IA et confidentialité des offres : les vraies questions à se poser
Utiliser une IA pour répondre à des appels d'offres pose 4 questions de confidentialité : l'outil réutilise-t-il les données pour entraîner ses modèles, où sont stockées les données (UE ou hors UE), qui y accède côté éditeur, et quel engagement contractuel (DPA RGPD) est signé. Privilégier les IA hébergées en France avec un opt-out d'entraînement.
C'est une peur légitime. Mais c'est aussi une peur qui doit être nuancée. Car la confidentialité des offres et la technologie IA, c'est plus complexe qu'un simple « attention, danger ». C'est une question de compréhension technique, de gestion des risques, et de sélection judicieuse des outils.
Que signifie exactement « confidentialité des offres » ?
Commençons par clarifier. Quand vous répondez à un appel d'offres public, vous soumettez des données sensibles. Ce n'est pas « secret d'état », mais ce n'est pas non plus public. Exemples :
Votre structure de coûts (combien coûte vraiment votre prestation, quel est votre marge).
Vos références clients identifiées par leur nom et par ce que vous avez fait pour eux (cela montre votre capacité).
Votre stratégie commerciale sur ce marché spécifique (comment vous comptez vous différencier).
Vos capacités techniques propriétaires (comment vous faites vraiment le travail).
Ces informations vous donnent un avantage concurrentiel. Si vos concurrents les connaissaient précisément, ils pourraient vous imiter, ou ajuster leur offre pour être plus compétitifs directement contre vous.
De plus, les appels d'offres publics imposent une confidentialité légale. Les acheteurs publics sont tenus de ne pas révéler les offres reçues (jusqu'à l'ouverture), et une fois ouvertes, ils doivent protéger les informations commercialement sensibles. Cela fait partie du processus concurrentiel équitable.
Les risques réels avec l'IA généraliste
Si vous utilisez une IA généraliste (ChatGPT, Claude, Gemini) en copiant-collant intégralement votre cahier des charges ou des éléments sensibles de votre réponse, il y a deux risques réels.
Risque 1 : L'IA apprend et se souvient. Une IA généraliste peut intégrer les données que vous lui fournissez dans son entraînement ultérieur. C'est moins vrai pour les versions commerciales avec confidentialité renforcée (les entreprises offrent maintenant des options « confidentialité » pour les utilisateurs enterprise), mais cela reste une possibilité.
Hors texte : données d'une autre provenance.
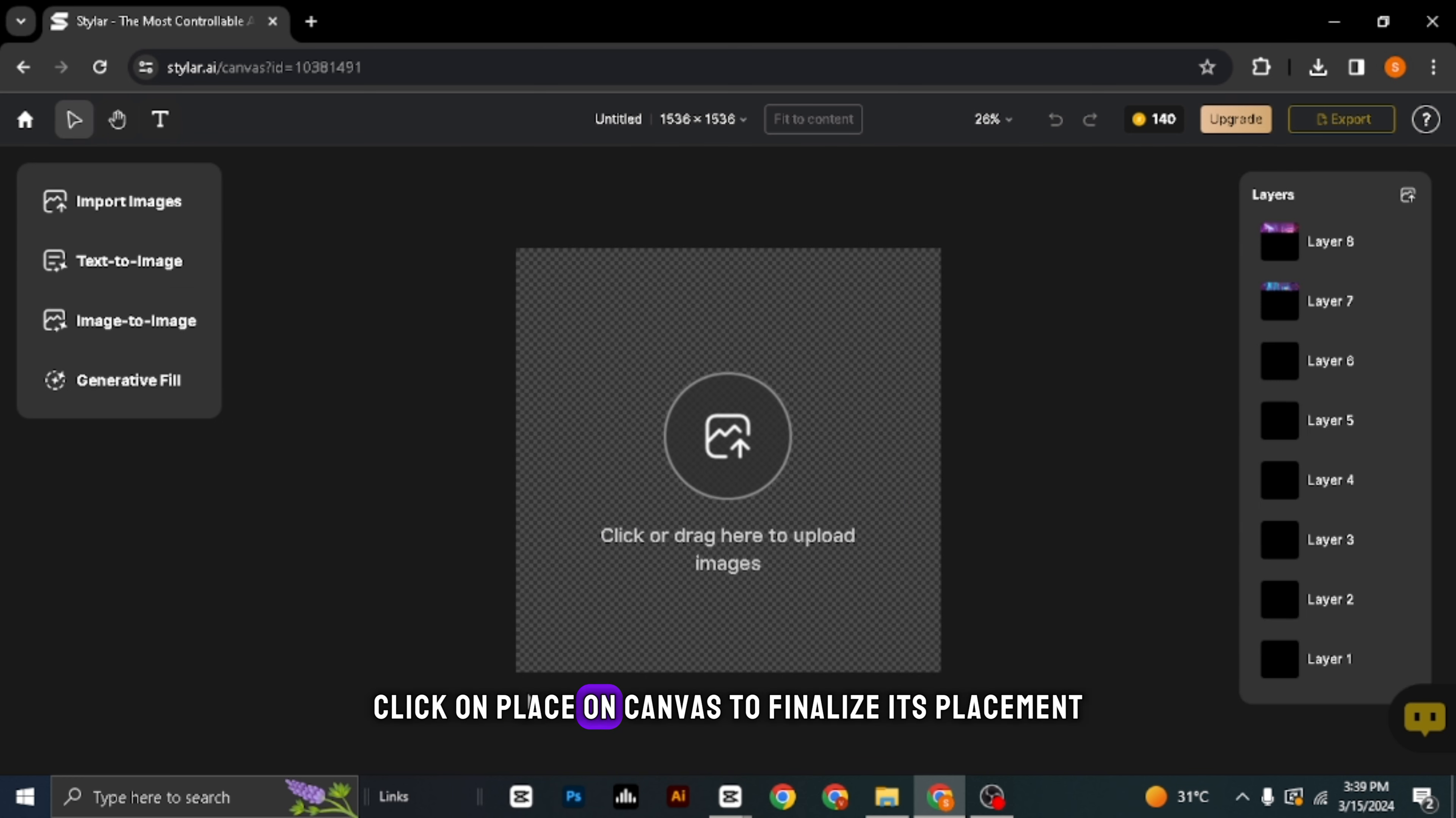Let's choose a style for our cinematic image. Click on Neon Futurism. Now, click on Stylerize to apply the chosen style to your image. Take a look at the results. Isn't it breathtaking?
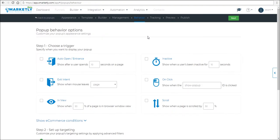Hey guys, in this video I'm going to show you how to set up your pop-ups behavior options. So select a pop-up and get to the behavior step. Use the breadcrumbs to stay on track.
À minima, les données transitent par les serveurs de la société.
Risque 2 : L'IA peut reproduire vos données ailleurs. Si une autre personne pose une question similaire à l'IA plus tard (« Comment rédiger une offre IT ? »), l'IA pourrait générer une réponse qui reproduit indirectement ou directement les patterns de votre offre. C'est peu probable, mais techniquement possible, surtout sur des cas très similaires.
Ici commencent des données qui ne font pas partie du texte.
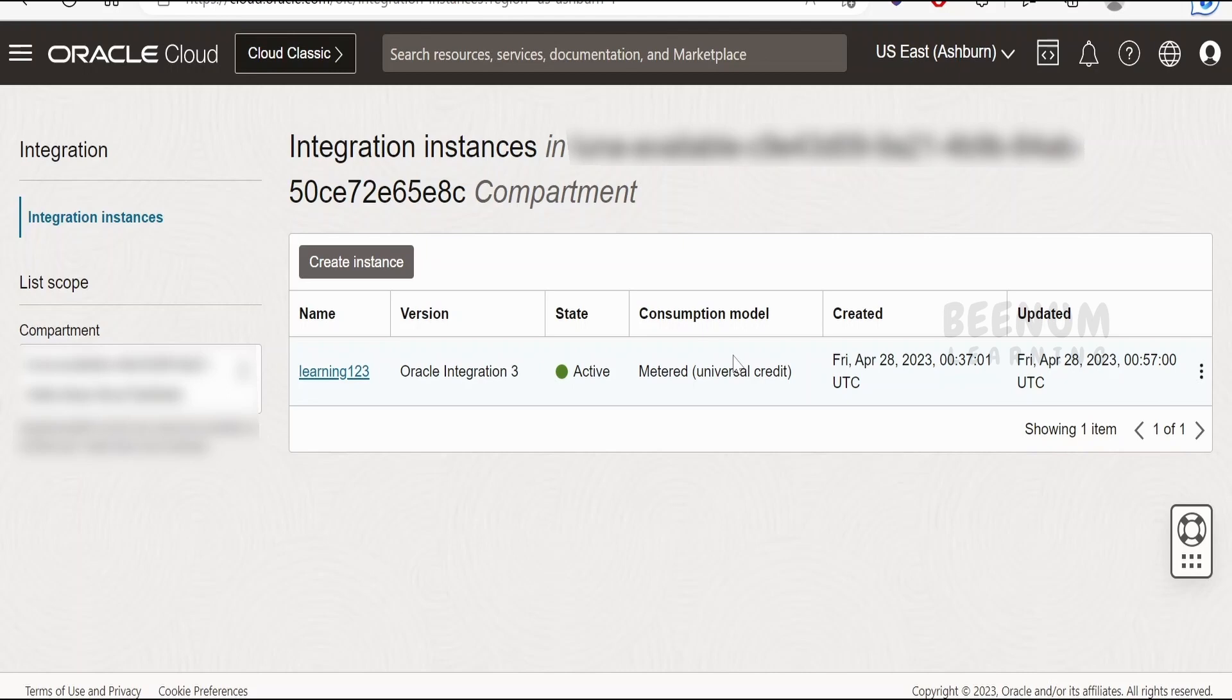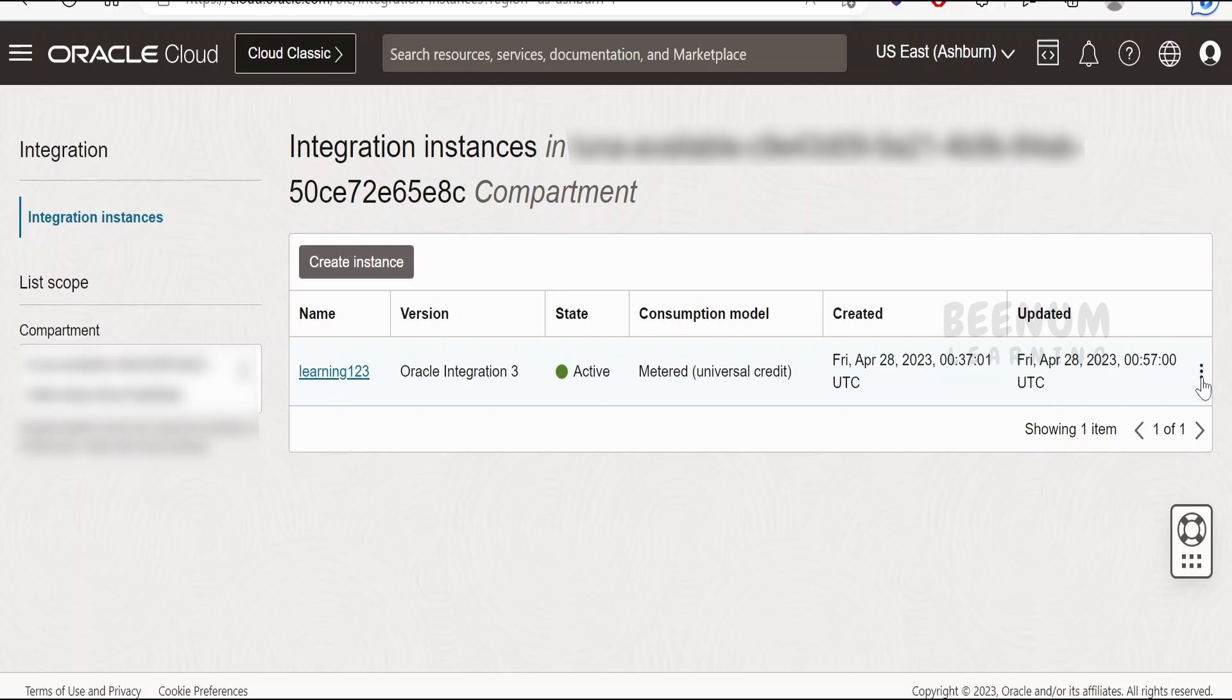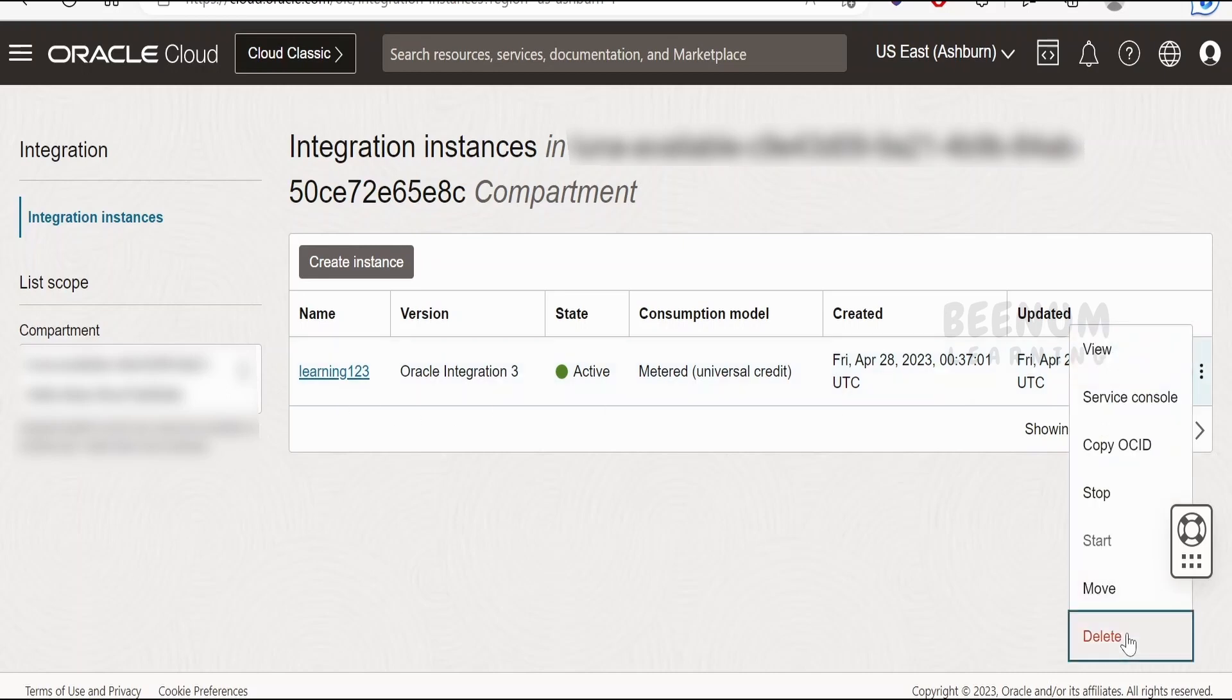In that case, you need to come to the integration instance creation page. Click on the options available on the row of the integration instance and select delete. A warning will appear stating this action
Ces deux risques sont réels. Mais ils sont aussi gérables.
Les risques quasi-inexistants
Il ne faut pas créditer à l'IA généraliste des pouvoirs surhumains. Quelques craintes populaires qui ne sont pas fondées :
Crainte 1 : Une IA généraliste publie automatiquement mes données sur internet. C'est faux. ChatGPT n'a pas de mécanisme qui publie automatiquement ce que vous lui dites. Votre conversation reste entre vous et la plateforme (ou plutôt, ses serveurs).
Crainte 2 : Mes concurrents posent une question simple et reçoivent ma stratégie complète en réponse. Extrêmement improbable. L'IA généraliste n'a pas une mémoire qui fait que taper « stratégie IT » va sortir l'intégralité de votre approche. Elle génère une réponse générique. Pour reproduire votre stratégie, vos concurrents devraient pratiquement poser une question quasi-identique à celle que vous avez posée.
Crainte 3 : L'IA va leaker mes données via une fuite de sécurité. C'est un risque générique de tout cloud computing, pas spécifique à l'IA. C'est réel pour n'importe quel outil cloud (email, CRM, Google Drive). C'est un risque géré par la sécurité de la plateforme, à peu près identique à celui d'autres services cloud populaires.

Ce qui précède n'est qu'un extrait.